Given information Start Marker

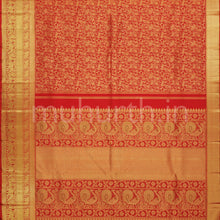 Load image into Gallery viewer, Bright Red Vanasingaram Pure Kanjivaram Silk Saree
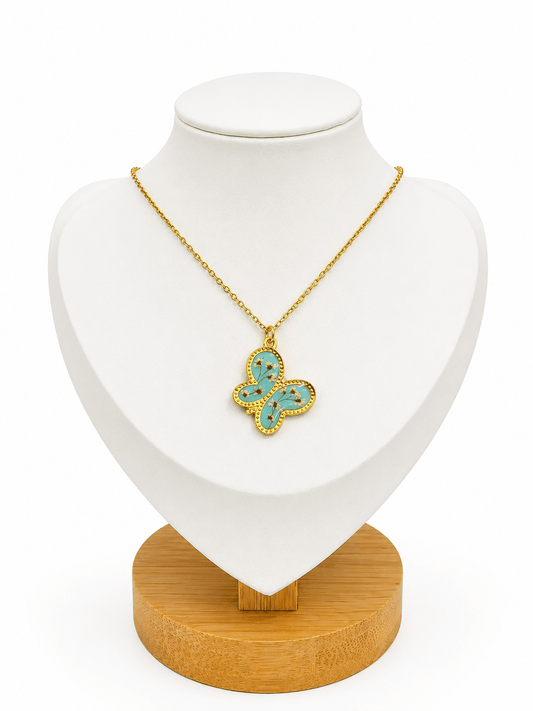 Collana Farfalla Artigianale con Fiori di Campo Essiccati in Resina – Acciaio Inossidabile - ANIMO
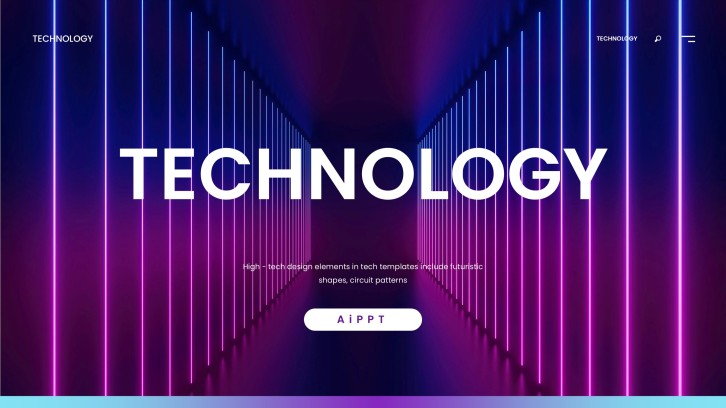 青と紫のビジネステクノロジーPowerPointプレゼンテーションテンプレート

Given information End Marker
Given information Start Marker

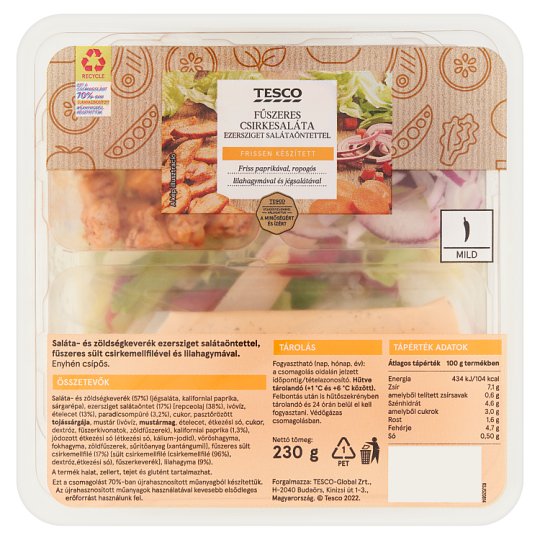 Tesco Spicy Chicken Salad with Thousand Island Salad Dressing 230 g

Given information End Marker
Given information Start Marker

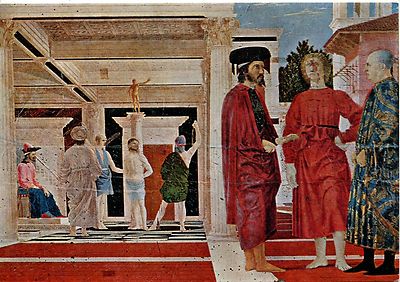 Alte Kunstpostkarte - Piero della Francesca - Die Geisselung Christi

Given information End Marker

*Your instructions:*
Copy only the lines above from the one containing "Collana Farfalla Artigianale" through the one containing "青と紫のビジネステクノロジーPowerPointプレゼンテーションテンプレート", both included. Leave out the pictures.

*Result below:*
 Collana Farfalla Artigianale con Fiori di Campo Essiccati in Resina – Acciaio Inossidabile - ANIMO
 青と紫のビジネステクノロジーPowerPointプレゼンテーションテンプレート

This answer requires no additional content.